A Hadoop data lab project on Raspberry Pi – Part 1/4
Carsten Mönning and Waldemar Schiller
Hadoop has developed into a key enabling technology for all kinds of Big Data analytics scenarios. Although Big Data applications have started to move beyond the classic batch-oriented Hadoop architecture towards near real-time architectures such as Spark, Storm, etc.,  a thorough understanding of the Hadoop & MapReduce & HDFS principles and services such as Hive, HBase, etc. operating on top of the Hadoop core still remains one of the best starting points for getting into the world of Big Data. Renting a Hadoop cloud service or even getting hold of an on-premise Big Data appliance will get you Big Data processing power but no real understanding of what is going on behind the scene.

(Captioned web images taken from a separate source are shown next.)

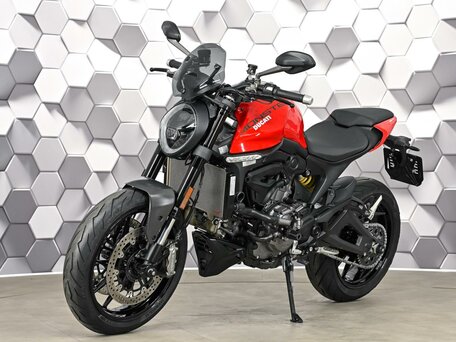 2021 Ducati Monster 937, красный, 819000 рублей, вид 2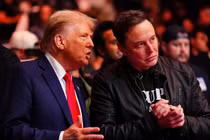 Tổng thống đắc cử Mỹ Donald Trump và Elon Musk tại sự kiện UFC 309 ở thành phố New York ngày 16/11. Ảnh: Getty.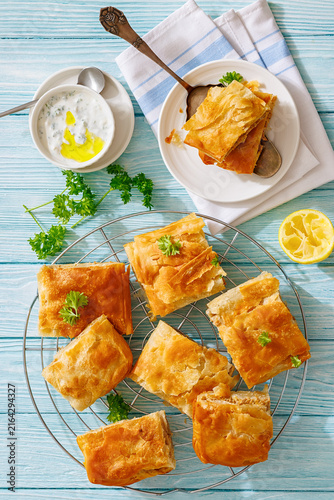 crispy phyllo pastry stuffed with minced meat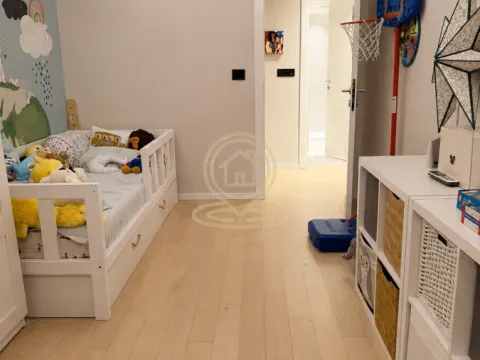 Izdavanje, četvorosoban stan, 104m², Stari Grad, Beograd - image 14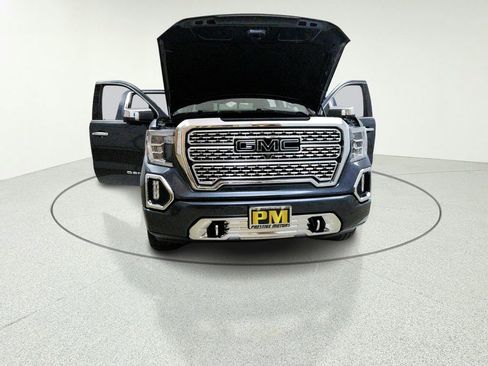 Used 2021 GMC Sierra 1500 Denali w/ Denali Ultimate Package AWD/4WD image 9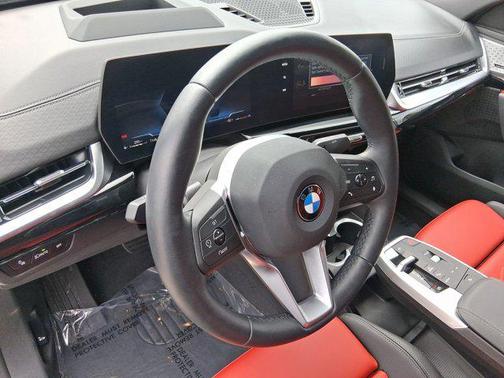 2025 BMW X2 xDrive28i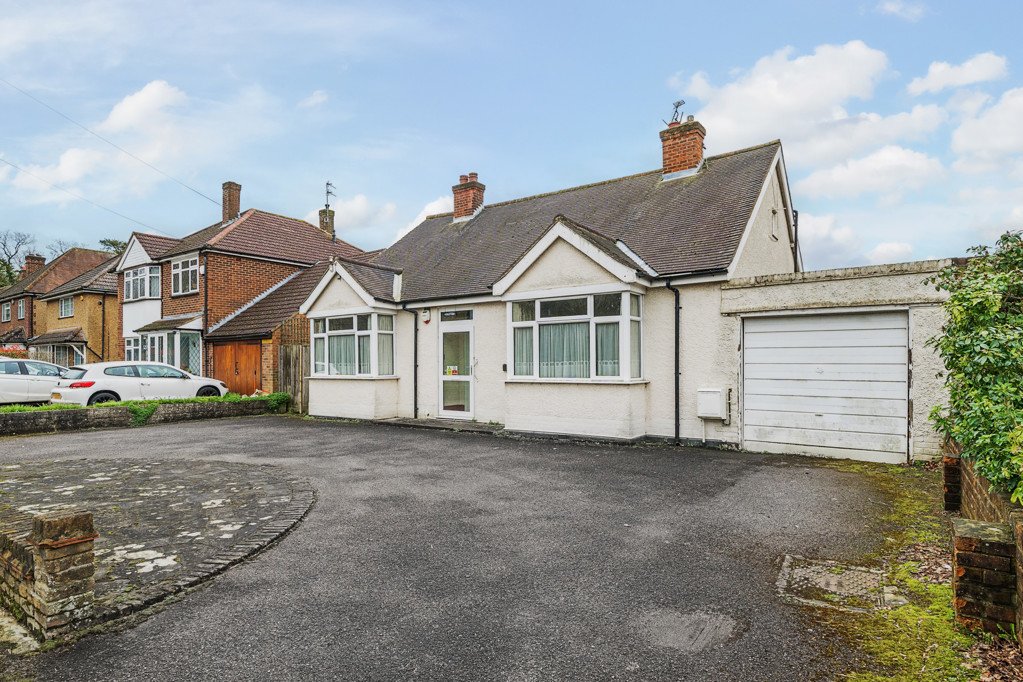 4 bedroom Bungalow for sale in Northwood Road, Harefield, Uxbridge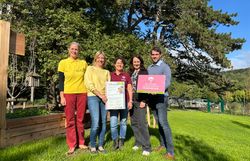  I. Drozdowski (Obfrau Landschaftspflegeverein), M. Öfferl (Stv.Leitung Kindergarten), E. Weisz-Emesz (Landschaftspflegeverein-Bildungsreferentin f. Naturpark Föhrenberge), J. Friedlmayer (Naturparke Ö), T. Rupp (Naturparke NÖ) posieren mit dem Naturpark Föhrenberge Logo und Urkunde "Naturpark-Kindergarten".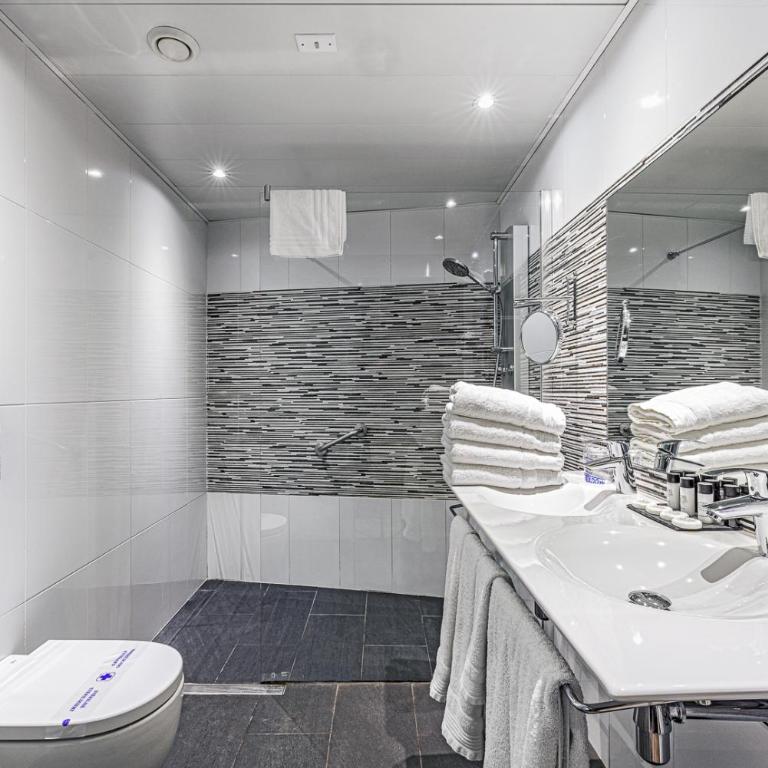 Hotel Ronda Lesseps - Family Deluxe Room - 10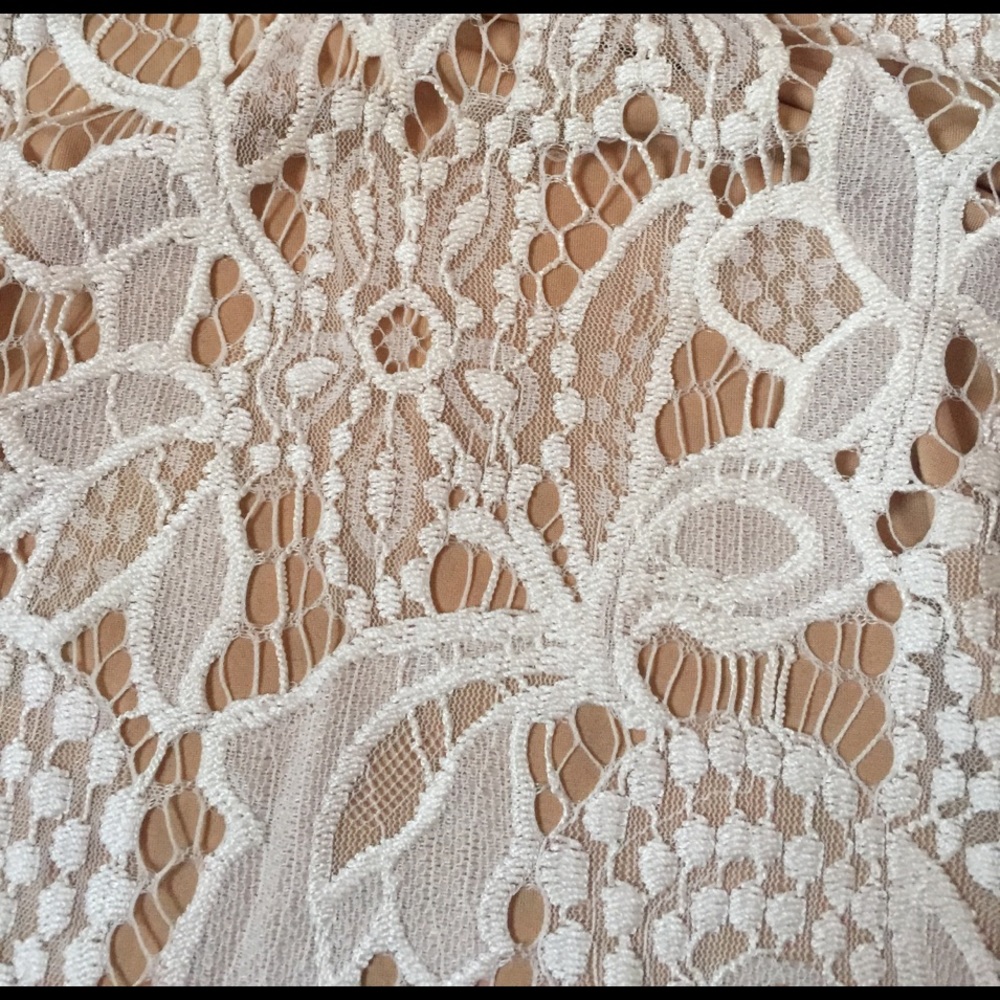 Lace top - Picture 2 of 2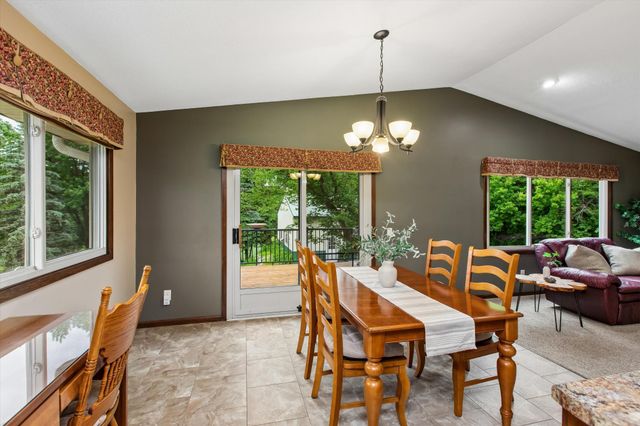 7160 Creekwood Lane, Prior Lake, MN 55372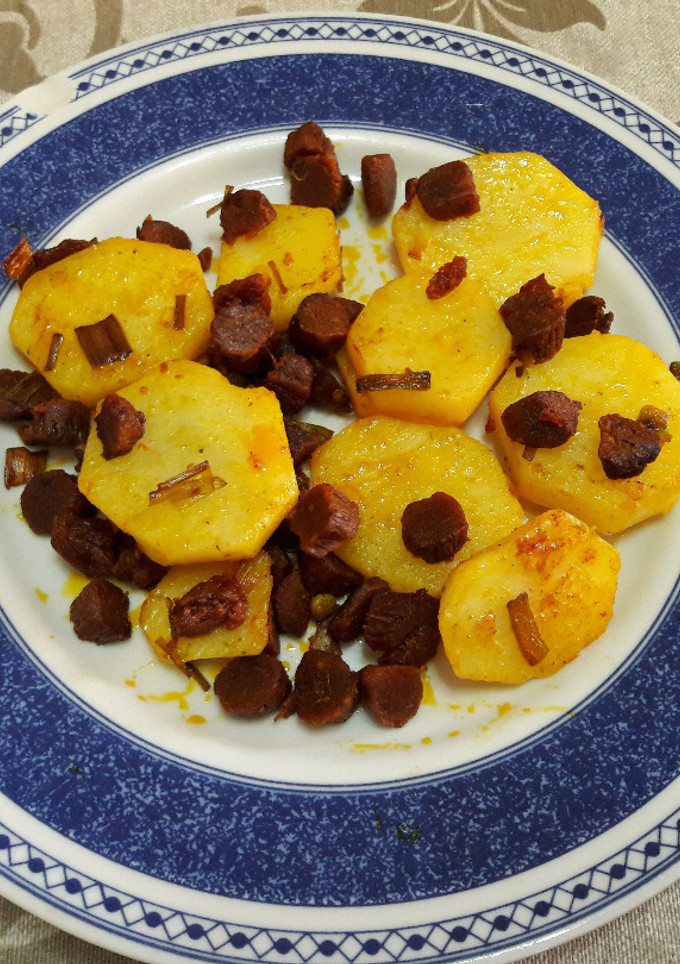 Una foto de Revuelto de chorizo y patatas vegano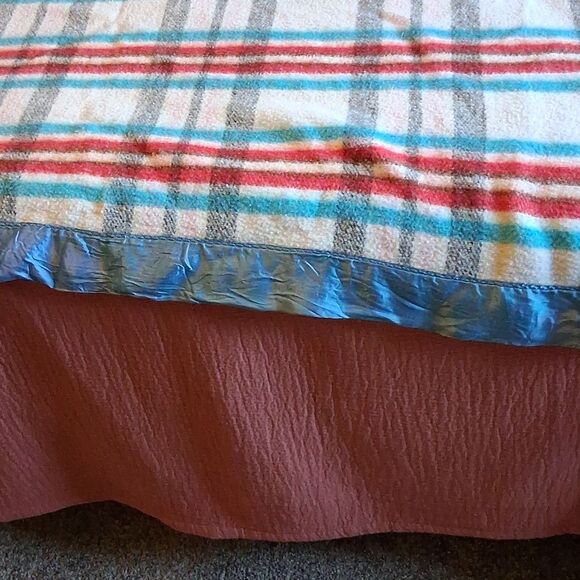 Plaid Multicolor Warm Full Size Bedding Blanket - Picture 2 of 7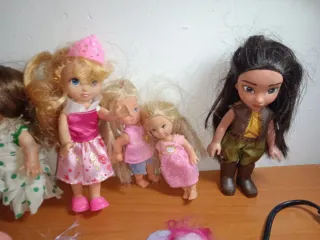 Lote de muñecas variadas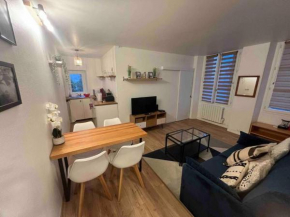 Appartement cosy, 10 min Château Versailles et 5 min Gare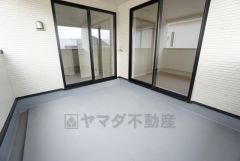 幅広のインナーバルコニーは多少の雨でも洗濯物を守ってくれ、家事を助けてくれること間違いなし。眩しすぎる日差しも和らげます。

To inspire your own little Hadoop data lab project, this four part blog will provide a step-by-step guide for the installation of open source Apache Hadoop from scratch on Raspberry Pi 2 Model B over the course of the next three to four weeks. Hadoop is designed for operation on commodity hardware so it will do just fine for tutorial purposes on a Raspberry Pi. We will start with a single node Hadoop setup, will move on to the installation of Hive on top of Hadoop, followed by using the Apache Hive connector of the free SAP Lumira desktop trial edition to visually explore a Hive database. We will finish the series with the extension of the single node setup to a Hadoop cluster on multiple, networked Raspberry Pis. If things go smoothly and varying with your level of Linux expertise, you can expect your Hadoop Raspberry Pi data lab project to be up and running within approximately 4 to 5 hours.
We will use a simple, widely known processing example (word count) throughout this blog series. No prior technical knowledge of Hadoop, Hive, etc. is required. Some basic Linux/Unix command line skills will prove helpful throughout. We are assuming that you are familiar with basic Big Data notions and the Hadoop processing principle. If not so, you will find useful pointers in  and at: http://hadoop.apache.org/. Further useful references will be provided in due course of this multi-part blog.
Part 1 – Single node Hadoop on Raspberry Pi 2 Model B (~120 mins)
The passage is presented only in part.